Cuba/Retirees: The Big Losers of the Reforms

Fernando Ravsberg*

Alcides Pérez gets up very early to wait in line to buy newspapers to resell. His retirement just isn’t enough.

HAVANA TIMES — The economic crisis of the 90s pushed much of the Cuban population into poverty, however subsequent reforms have allowed various sectors of the population to improve their living standard through the most varied pathways and mechanisms.

Nevertheless, one group that has failed to recover from the crisis is the retirees, whose pensions of $15 (USD) a month doesn’t allow them to make ends meet. As a result, the streets of Cuban cities have become filled with seniors trying to make a living.

Early every morning, grandparents line up at newspaper kiosks to buy stacks of dailies that they in turn resale. At the same time, other elderly individuals begin roasting peanuts, which they’ll hawk at stop lights, while other seniors are preparing to spend their days watching parked cars.

The reduction of subsidies and steady increases in prices are forcing them to continue searching for sources of income even after retirement. Anything goes – from selling cigarette lighters in the street to collecting empty beer cans and cartons.

Early birds

Alcides Perez, 76, can be found every day between 4:00 and 5:00 a.m. outside a printing facility collecting newspapers and magazines for resale in the city. “I’m retired but I have to sell newspapers because my pension is next to nothing,” he said smiling.

Before retiring, he worked as a security supervisor with the Ministry of Construction.
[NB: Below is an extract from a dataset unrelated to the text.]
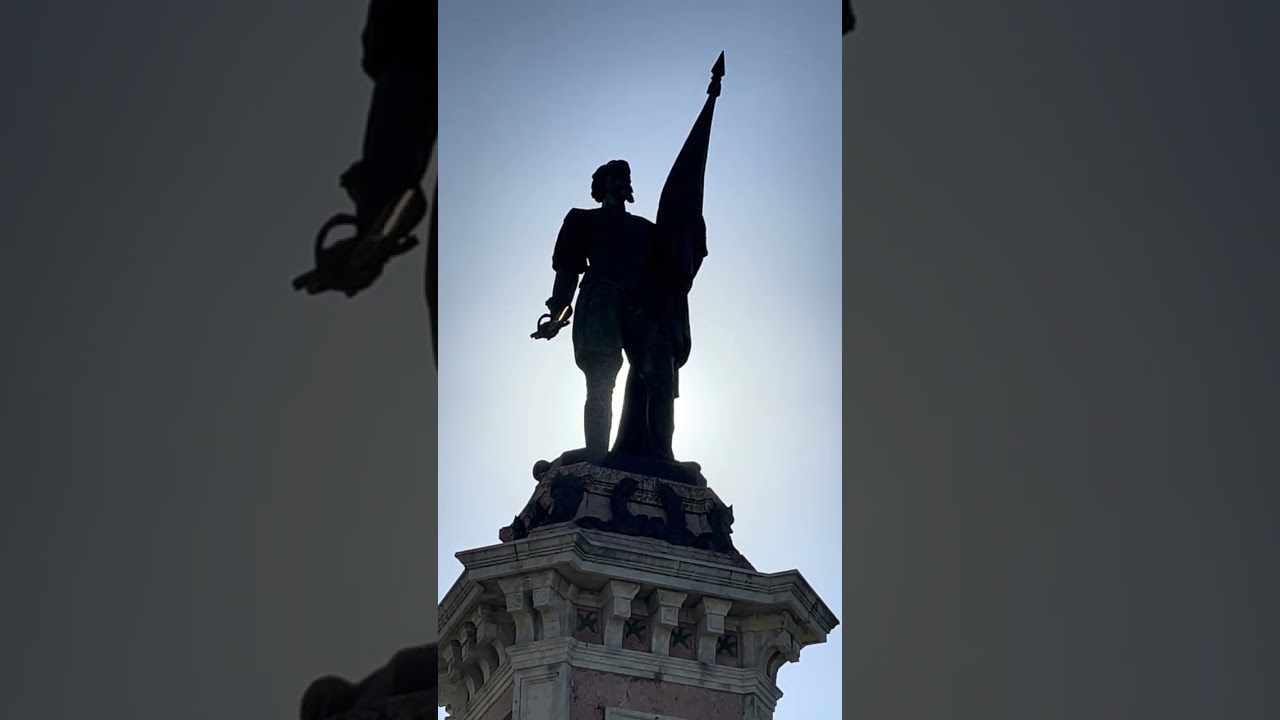 Estatua del gran Almirante Oquendo, San Sebastián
He explained to us that “the government gives me a regular quota of newspapers, and that helps me to earn a little something, but it’s not much,” adding that he’s out in the streets until they’re all sold. “You get tired, but you gotta work,” he said.

Luisa Bolaños supplements her pension by selling lighters.

Just after leaving Alcides at the door of Hotel Inglaterra, we ran into a woman who was going through trash bins on San Rafael Boulevard. “I collect material for recycling centers” explained Dagmaris Gonzalez, 70.

She collects pop and beer cans so she can sell them to the government. “With a sack full of crushed cans, I can earn 60 or 80 pesos (about $3 USD) in a day. I don’t feel very good about it, but my 242-peso-a-month retirement check ($10) isn’t enough.”

The Help that doesn’t come

A few yards from Dagmaris, a couple steps away from the side door of the Grand Theater of Havana, Luisa Bolaño was seated there selling cigarette lighters. “My retirement is 200 pesos a month, but I’m only left with 141 pesos ($7), because they deduct 59 pesos for my refrigerator payment.”

“I’m 68 but I have to take care of my 98-year-old mother,” explained Luisa. She added, “I’m asking for help for Social Services, but I applied a year ago and I still haven’t heard back. They say you have to wait for an investigation.”

Back in the car, we pulled up to a stoplight a few blocks away, and another senior citizen, Joseph Romero, came up to my window selling peanuts. “I sell these out of necessity,” he said. “I have to because my retirement isn’t enough.”

Dagmaris González works all day to fill a sack of tin cans for which she will receive US$3.

Formerly the manager of a bodega (a small grocery store), he said: “Now my day starts at 5:00 in the morning. I roast peanuts until about 8:00, then I come out here.”

“I work three or four hours a day to earn about 50 pesos ($2),” he explained.

Rest

Getting back home, I stopped by the supermarket and spoke with Felix Batista, a 76-year-old man who watches the parked cars – a job held many by retirees. During his working life he was the chief investment officer of Cuba’s sports industry.

“I started here because I’m retired and my retirement doesn’t stretch. People give what they want, a peso or so (three or four cents USD). I pick up around 400 pesos a month ($20) like this, so I have a pretty regular standard of living,” he said, adding, “I’m grateful to the government because now I hold a job and collect retirement.”

In this situation, the elderly continue to be very supportive of the government, even though many of them live in poverty. Most of them know how life was prior to 1959, when they suffered because they belonged to the most disadvantaged.

They were the poorest when the revolution occurred. Subsequently they were the ones who benefited from land reform, received ownership of the houses they previously rented, and were able to send their children to college. Yet they probably never imagined that at the end of the day they’d have no chance to rest.
—–
*An authorized translation by Havana Times (from the Spanish original) published by BBC Mundo.